* Assignment:
All lines from the one that contains "image for CalMyotis" through the close of the entries below are to be repeated exactly, without any pictures.

* Data for this task:

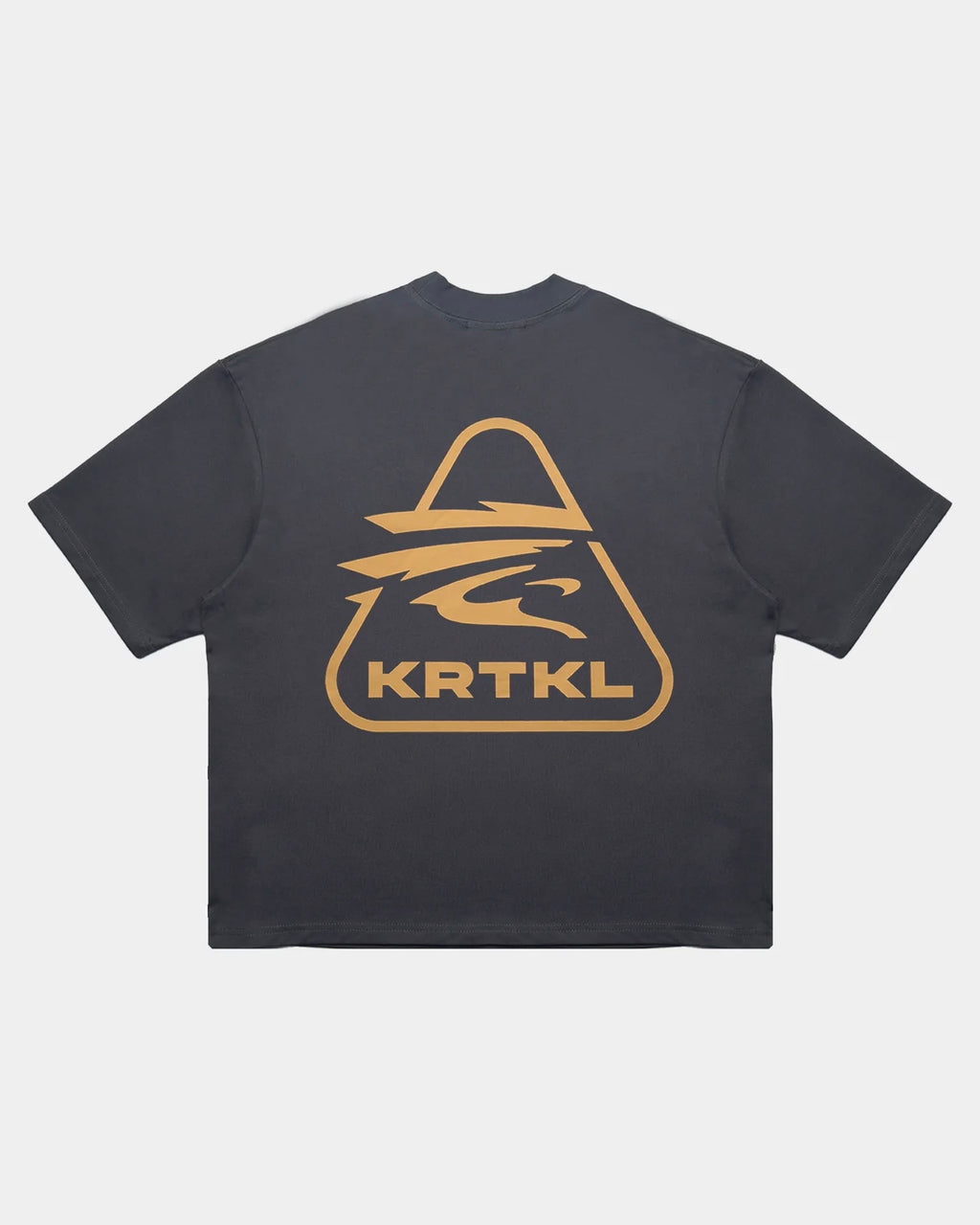 KRTKL TRINADO BOXY CUT TEE NAVY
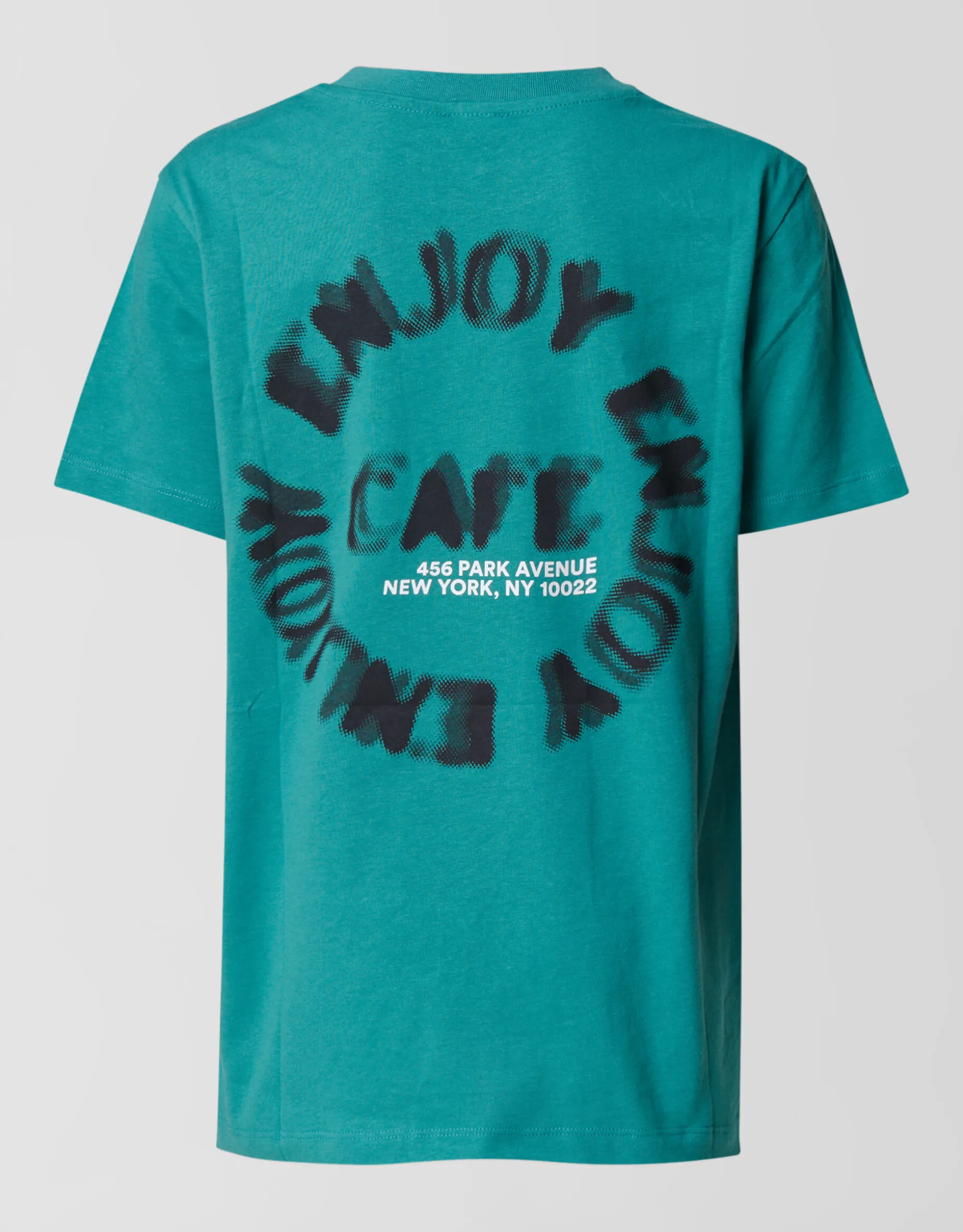 Artwork T-shirt Groen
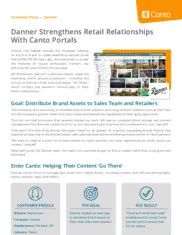 Preview of the Danner Case Study
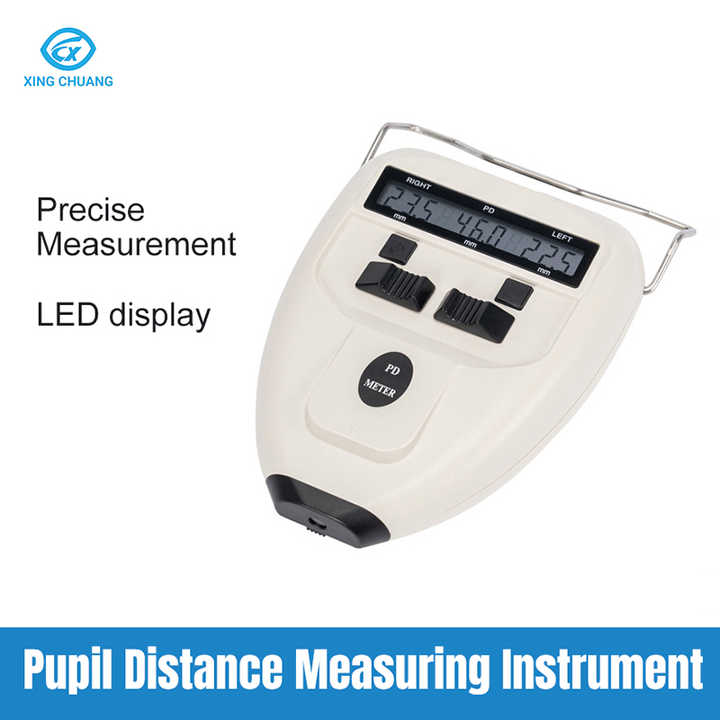 Optical Digital Pupillary Distance Meter Pupillary Distance Measuring Tool With Lcd Display Optical Pd Pds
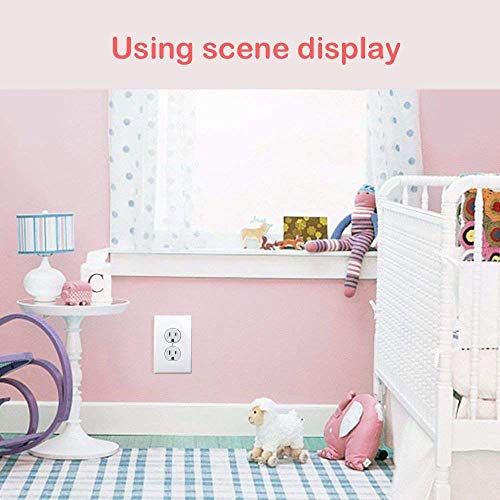 image for CalMyotis Outlet Covers, Baby Proof Safety Electrical Plugs Protector,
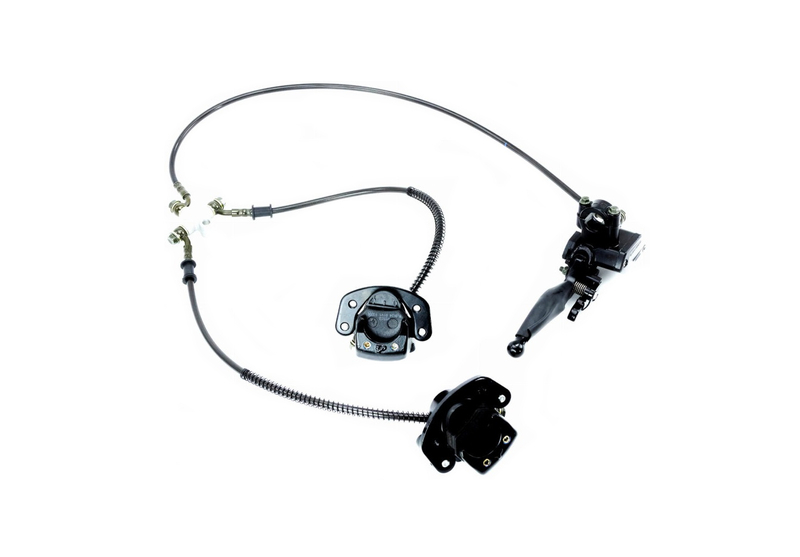 Hamulec przedni kompletny quad Kayo AU180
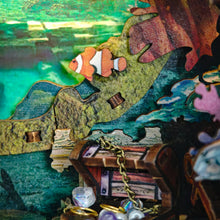 Load image into Gallery viewer, DIY Book Nook Kit: Atlantis Discovery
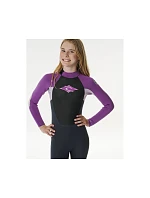 Neoprén RIP CURL Kids Omega 5/3 Gb fialovo-modrý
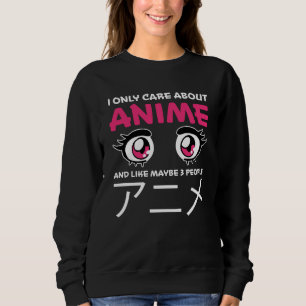 Otaku Anime Girl Manga Cosplay Ramen Japanse Gift Trui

* Exercise solution:
 image for CalMyotis Outlet Covers, Baby Proof Safety Electrical Plugs Protector,
 Hamulec przedni kompletny quad Kayo AU180
 Load image into Gallery viewer, DIY Book Nook Kit: Atlantis Discovery
 Neoprén RIP CURL Kids Omega 5/3 Gb fialovo-modrý
 Otaku Anime Girl Manga Cosplay Ramen Japanse Gift Trui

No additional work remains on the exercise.